5518 sayılı Kanunla 3008 sayılı İş Kanununun 78. maddesinde yukarıda ele alınan önemli değişikliklerin yapılmasından sonra, Resmi Gazete’de 12 Ocak 1952 tarihinde yayımlanan yeni “İş Uyuşmazlıklarını Uzlaştırma ve Tahkimi Tüzüğü” temsilci işçi seçimini ve temsilci işçiye sağlanan güvenceyi aşağıdaki biçimde düzenledi:

“Temsilci işçi seçimi ve genel seçim devresi:

“Madde 1. İş Kanununun değişik 78 inci maddesi gereğince iş verenle işçiler arasındaki iş uyuşmazlıklarını uzlaştırmaya çalışmak ödevini yapacak olan temsilci işçilerin genel seçimi iki yılda bir defa ve Mart ayının başından Mayıs ayının sonuna kadar devam eden süre içinde yapılır.

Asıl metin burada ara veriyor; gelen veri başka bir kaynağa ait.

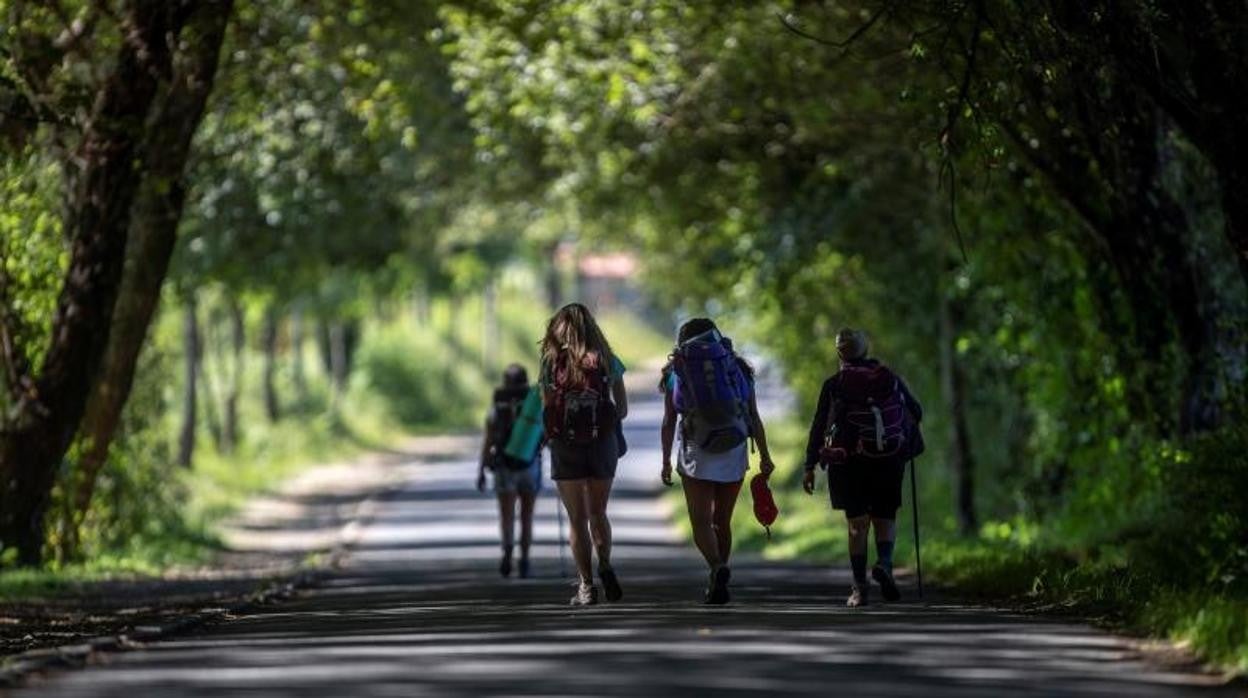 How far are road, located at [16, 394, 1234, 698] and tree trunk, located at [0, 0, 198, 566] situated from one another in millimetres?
3638

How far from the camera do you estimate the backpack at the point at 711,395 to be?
→ 58.0ft

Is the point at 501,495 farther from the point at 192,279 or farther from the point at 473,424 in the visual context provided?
the point at 473,424

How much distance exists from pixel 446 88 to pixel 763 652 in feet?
85.3

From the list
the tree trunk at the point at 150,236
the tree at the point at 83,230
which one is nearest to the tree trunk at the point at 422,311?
the tree trunk at the point at 150,236

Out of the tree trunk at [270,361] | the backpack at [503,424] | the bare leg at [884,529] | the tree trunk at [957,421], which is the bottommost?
the bare leg at [884,529]

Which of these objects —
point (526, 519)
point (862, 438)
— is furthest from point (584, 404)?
point (526, 519)

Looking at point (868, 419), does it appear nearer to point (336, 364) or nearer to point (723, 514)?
point (723, 514)

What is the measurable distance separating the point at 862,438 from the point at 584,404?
1.69 m

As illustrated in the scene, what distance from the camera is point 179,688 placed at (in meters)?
12.0

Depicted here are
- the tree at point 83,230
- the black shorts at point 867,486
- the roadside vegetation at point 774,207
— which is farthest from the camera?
the tree at point 83,230

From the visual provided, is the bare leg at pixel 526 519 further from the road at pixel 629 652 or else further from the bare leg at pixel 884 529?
the bare leg at pixel 884 529

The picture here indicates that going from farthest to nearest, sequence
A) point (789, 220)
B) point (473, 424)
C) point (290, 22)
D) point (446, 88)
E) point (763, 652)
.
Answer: point (473, 424) → point (446, 88) → point (789, 220) → point (290, 22) → point (763, 652)

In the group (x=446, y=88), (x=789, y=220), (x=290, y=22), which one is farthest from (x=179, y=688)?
(x=446, y=88)

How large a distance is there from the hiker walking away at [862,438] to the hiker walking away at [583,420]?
4.11 feet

“Yukarki fıkrada genel seçim devresi olarak gösterilmiş bulunan üç aylık devrenin sona ermesinden sonra yapılacak seçimler yapılma tarihleri ne olursa olsun, gelecek genel seçim devresinde yeni baştan tekrarlanır.

“Seçim yapılması mecburi olan işyerlerinde genel seçim devreleri içindeki veya dışındaki seçimlerin yaptırılması ile işveren veya işveren vekili ödevlidir.

“İhtiyari ve mecburi seçim:

“Madde 2. İş Kanununun (8) inci maddesindeki tarife göre süreksiz sayılan işlerin yapıldığı iş yerlerinde veya yılın her hangi bir devresinde üç aydan aşağı süre ile ve günde (20)’den az işçi ile çalışılan iş yerlerinde temsilci işçi seçilmesi mecburi olmayıp işçilerin çokluğunun isteğine bağlı ve bunlardan başka iş yerlerinde mecburi olduğu gibi üç aydan fazla süre ile ve günde (20)’den az işçi ile çalışılan iş yerlerinde günde (20)’den fazla işçi ile ve üç aydan aşağı süre ile çalışılan iş yerleriyle temsilci işçi seçilmesi mecburidir.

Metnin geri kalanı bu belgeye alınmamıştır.